* What the task requires: Would you please set down, word for word, the lines from the one with "Green pure linen" through the final line of the data below, omitting any pictures?

* Provided material:
::::::

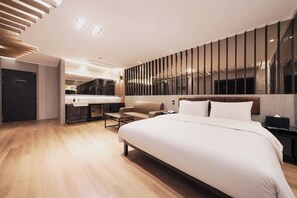 A modern hotel room with a large bed, a desk, and a kitchenette. - Pohang A1Hotel Haedo (Pohang)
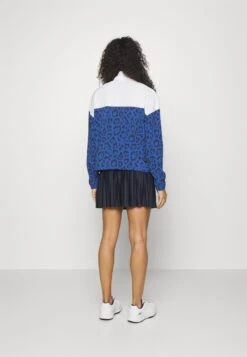 PUMA Golf Hoops Golf Jacket - Windjack - Clyde Royal/White Glow -Golfserie Winkel 82cf58e104184e28a66080bffde5bc47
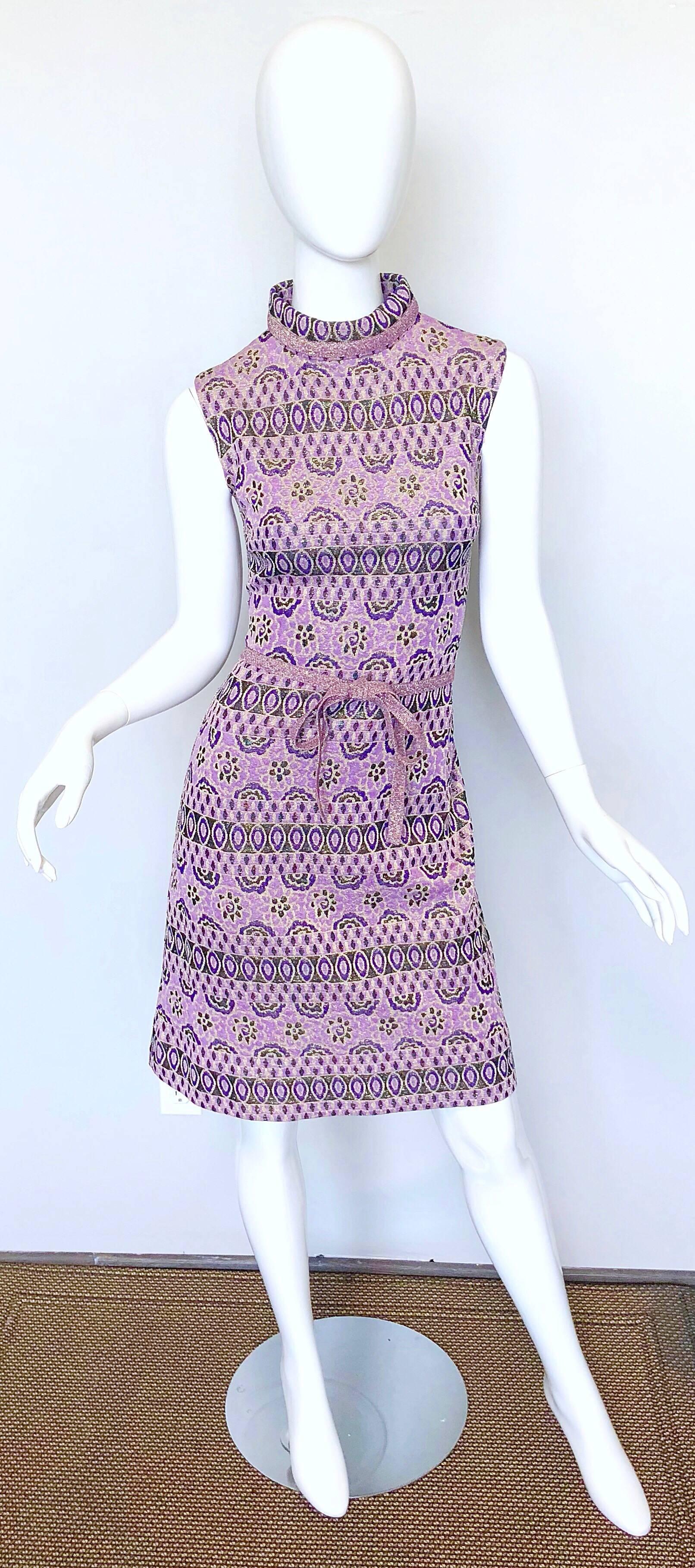 Chic 1960s TRICOSA light, medium, dark purple and gold metallic lurex jersey A-Line dress! Features abstract and flower prints throughout. Detachable matching belt. Hidden metal zipper up the back with hook-and-eye closures. Flattering high mock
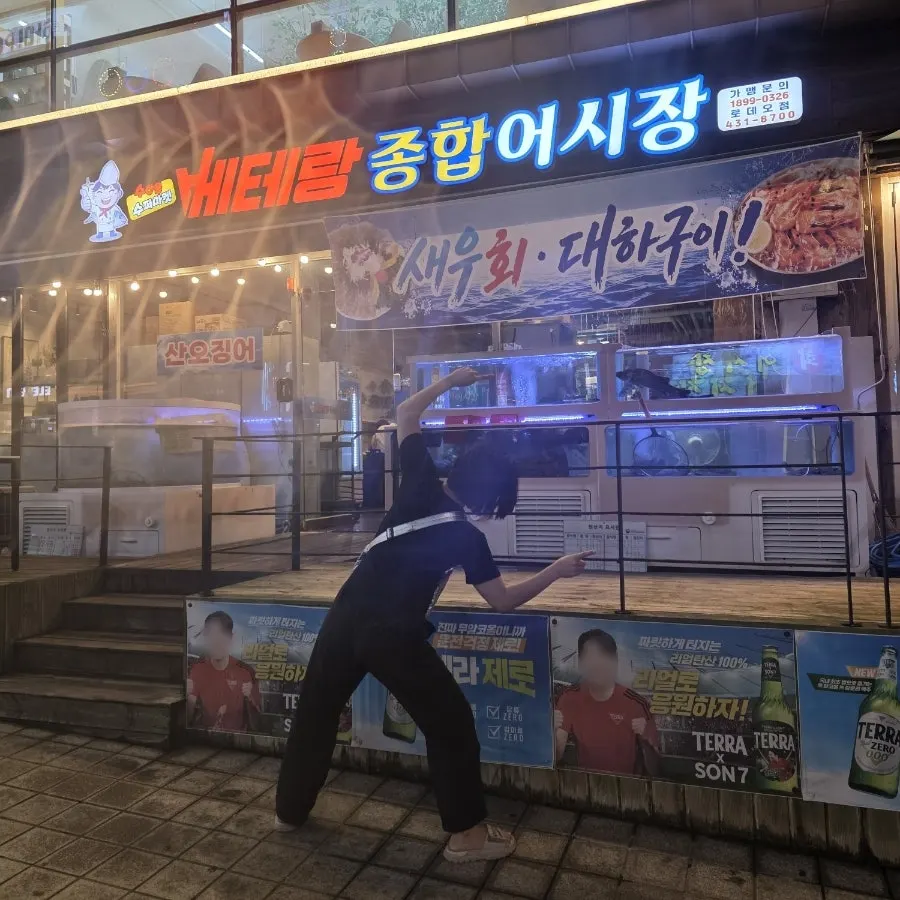 A friend posing outside Veteran General Fish Market Incheon Guwol Branch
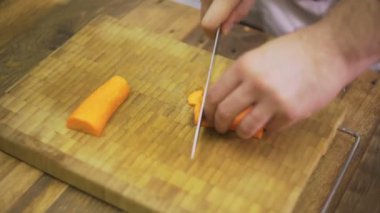 Şef ahşap kesme tahtası üzerinde taze havuç kesiyor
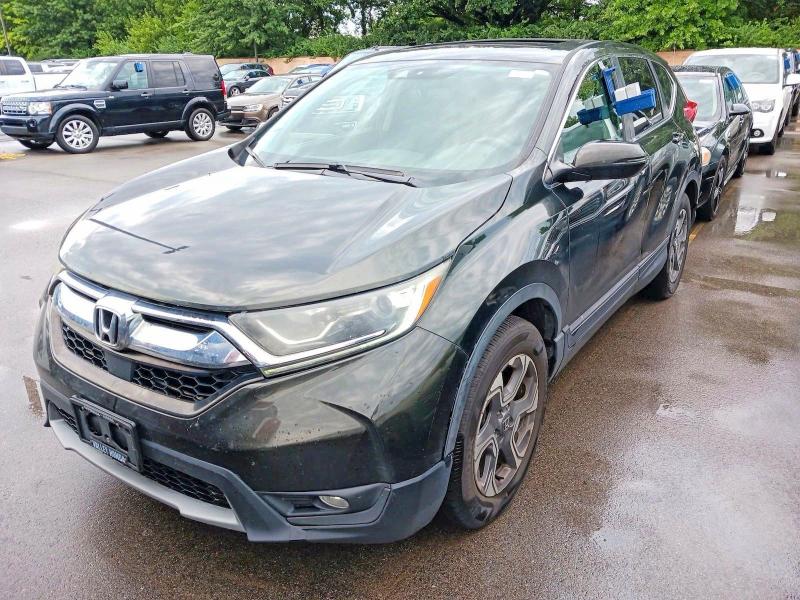Photo 2 from auction – 2018 HONDA CR-V with VIN 7FARW2H82JE010998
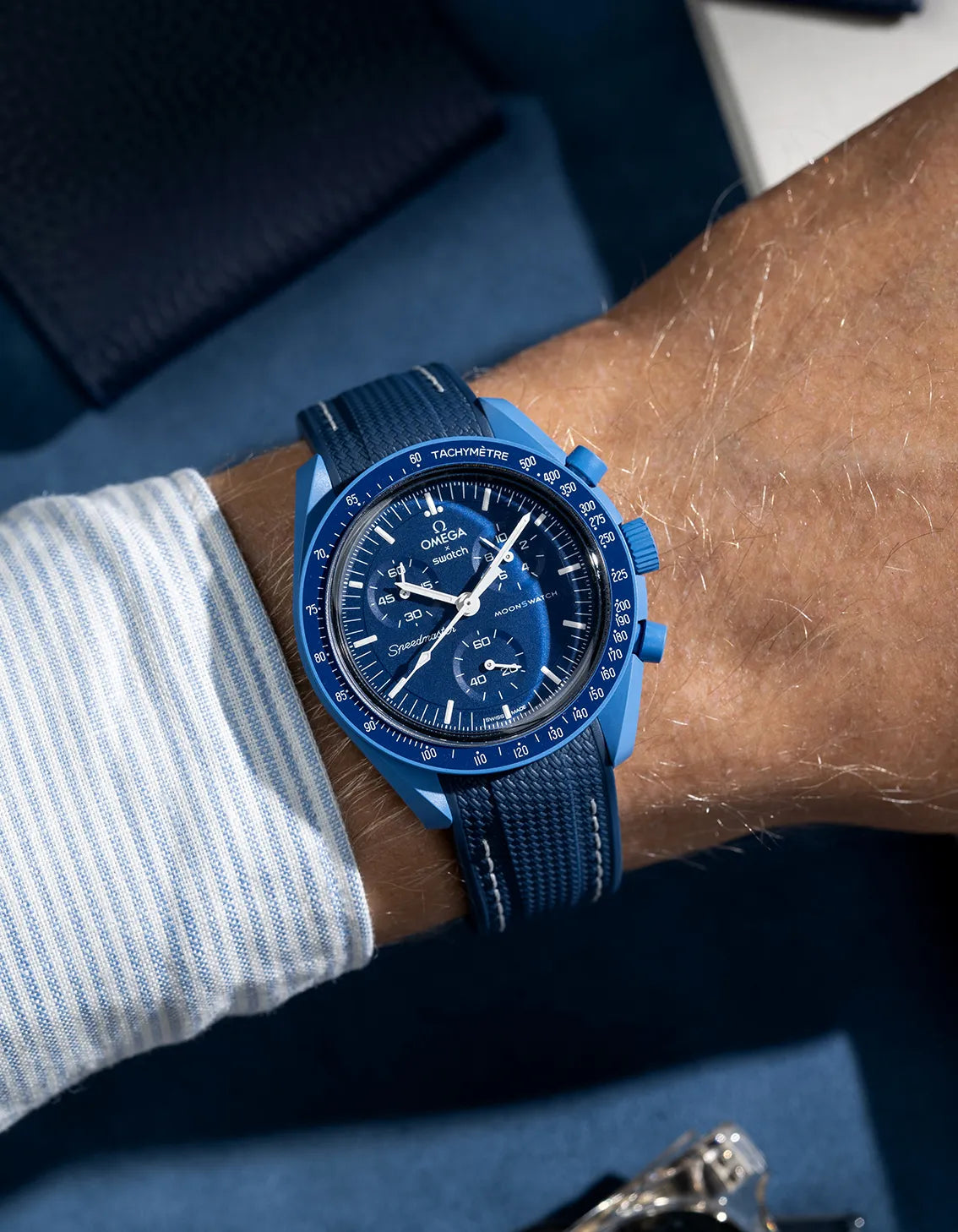 Navy blue rubber strap with white stitching for Omega MoonSwatch, curved Vertech design shown on wrist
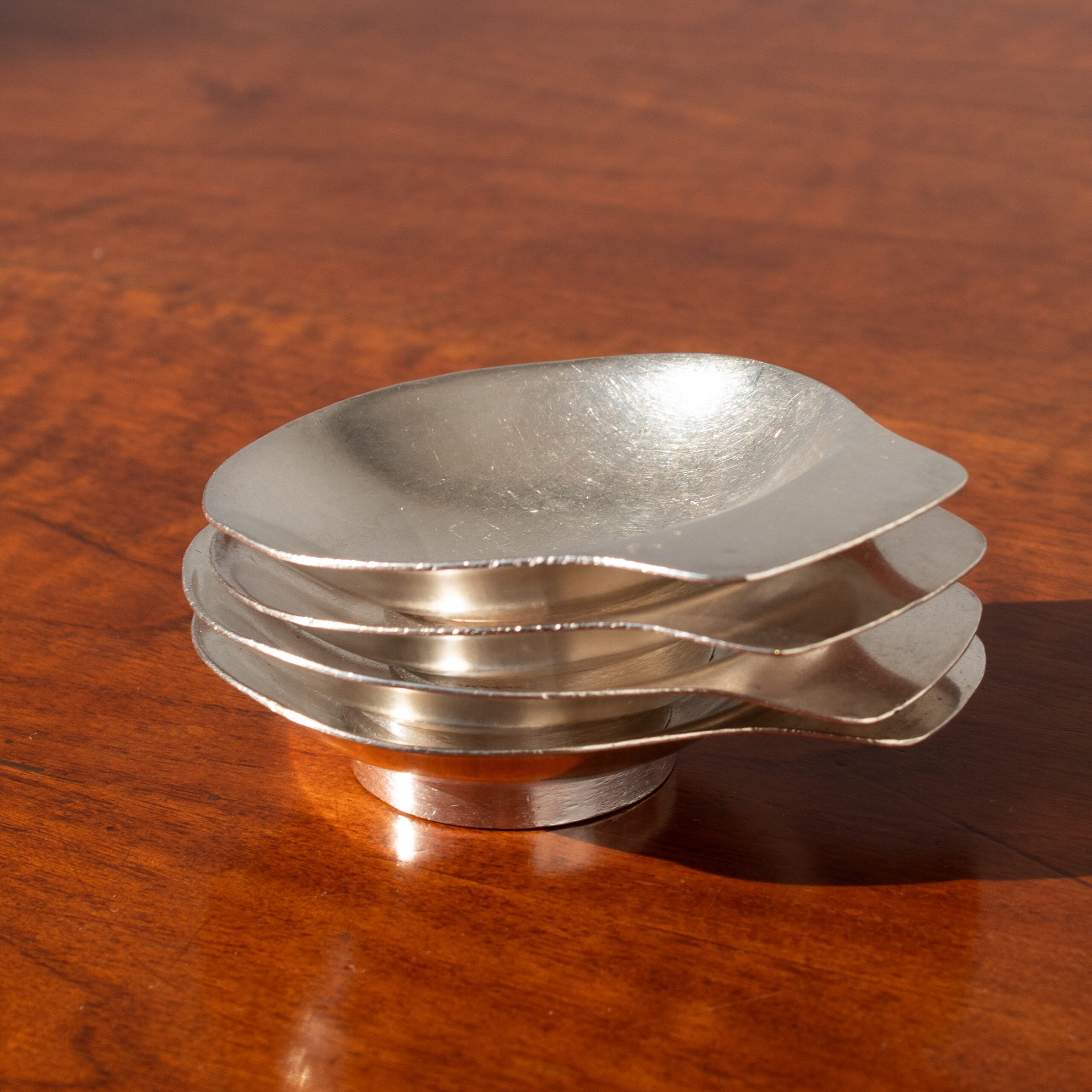 Arthur Krupp Dessert Plates in Metal — stacked view on wooden table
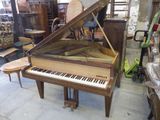 un piano à queue trônant dans une pièce remplie de meubles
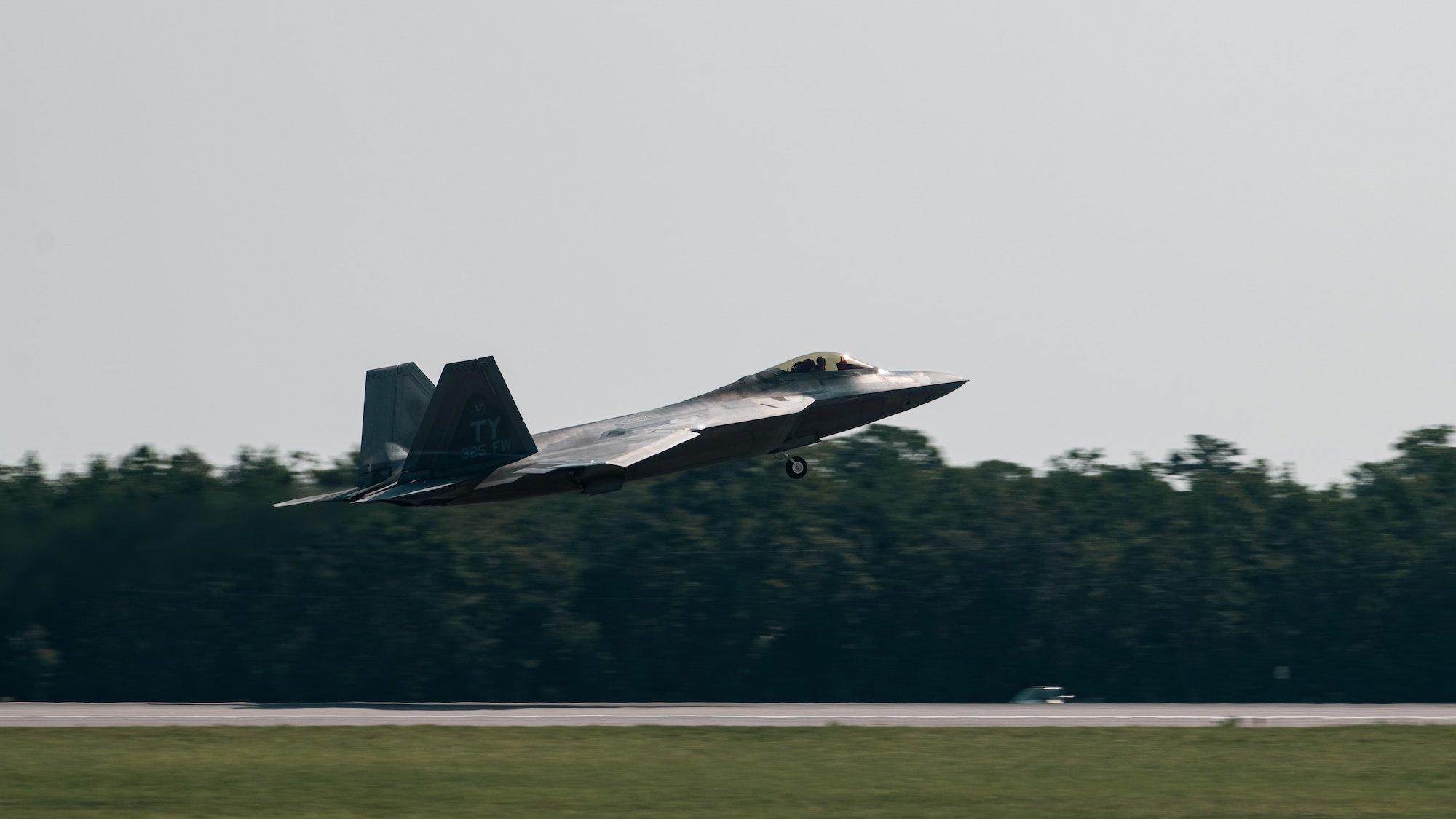 An F-22 Raptor takes off.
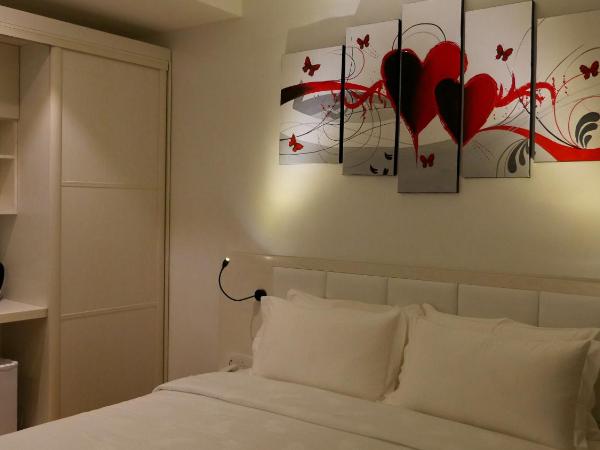 Pine Garden Hotel : photo 1 de la chambre chambre lit queen-size deluxe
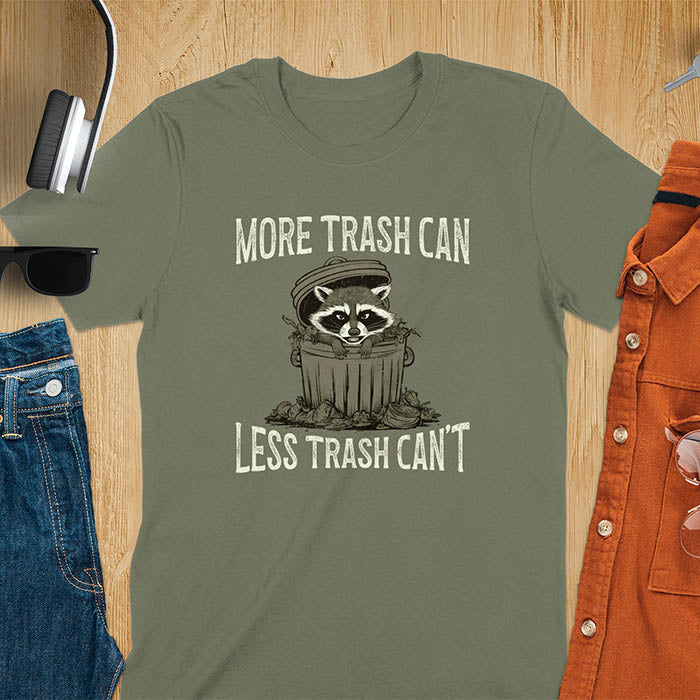 A fun and vintage retro T-Shirt featuring a funny raccoon with the phrase 'More trash can less trash can't'. This T-Shirt exudes a playful and lighthearted vibe, perfect for casual wear or lounging around.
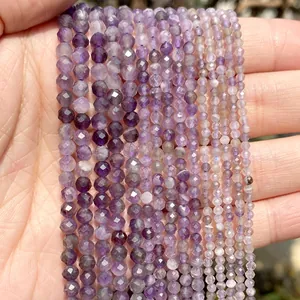 Close-up of small purple faceted amethyst beads for DIY jewelry making accessories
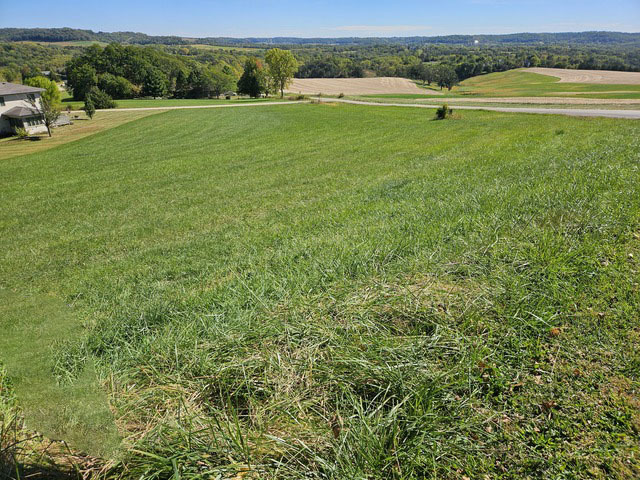 104 West Guilford Road Galena, IL 61036 - Photo 6 of 21 a view of a green field with lawn chairs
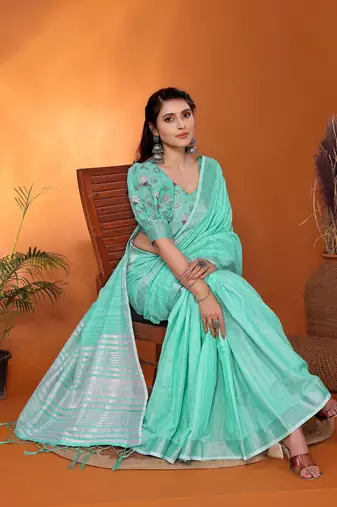 Green pure linen bollywood plain saree with silver zari border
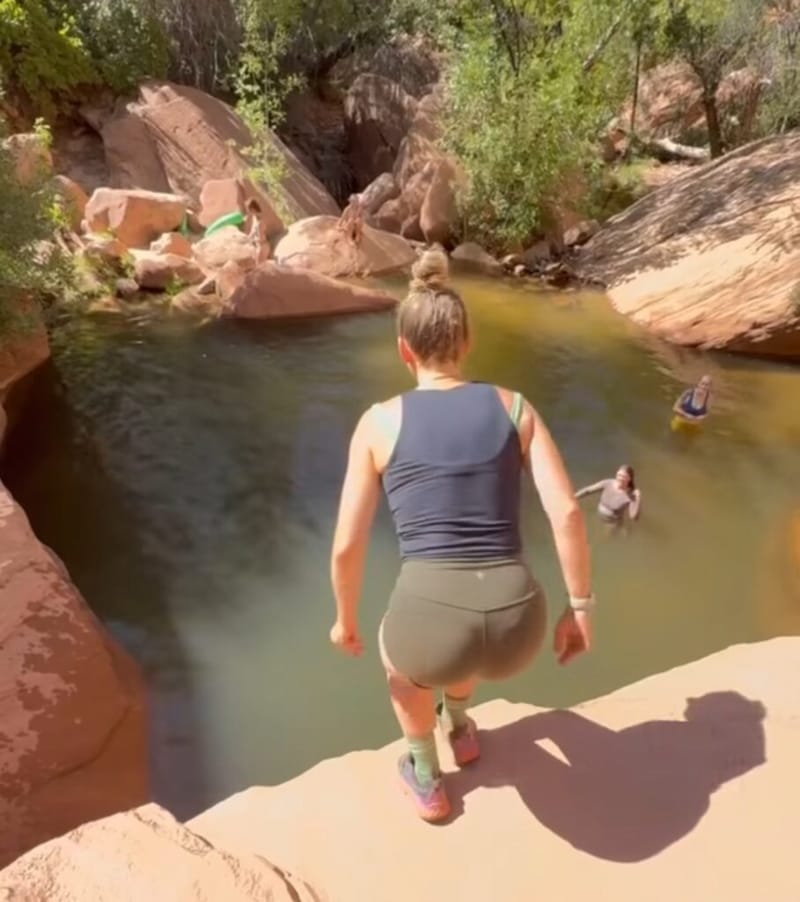 woman on a red sandstone ledge about to jump into a natural swimming hole at Zion National Park, two friends already in the water below
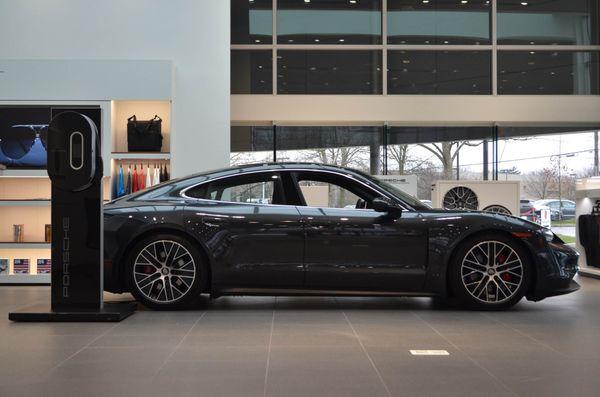 The Porsche Taycan charging at a Porsche dealership near Columbus, Ohio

::::::

* Solved exercise:
 Green pure linen bollywood plain saree with silver zari border
 woman on a red sandstone ledge about to jump into a natural swimming hole at Zion National Park, two friends already in the water below
 The Porsche Taycan charging at a Porsche dealership near Columbus, Ohio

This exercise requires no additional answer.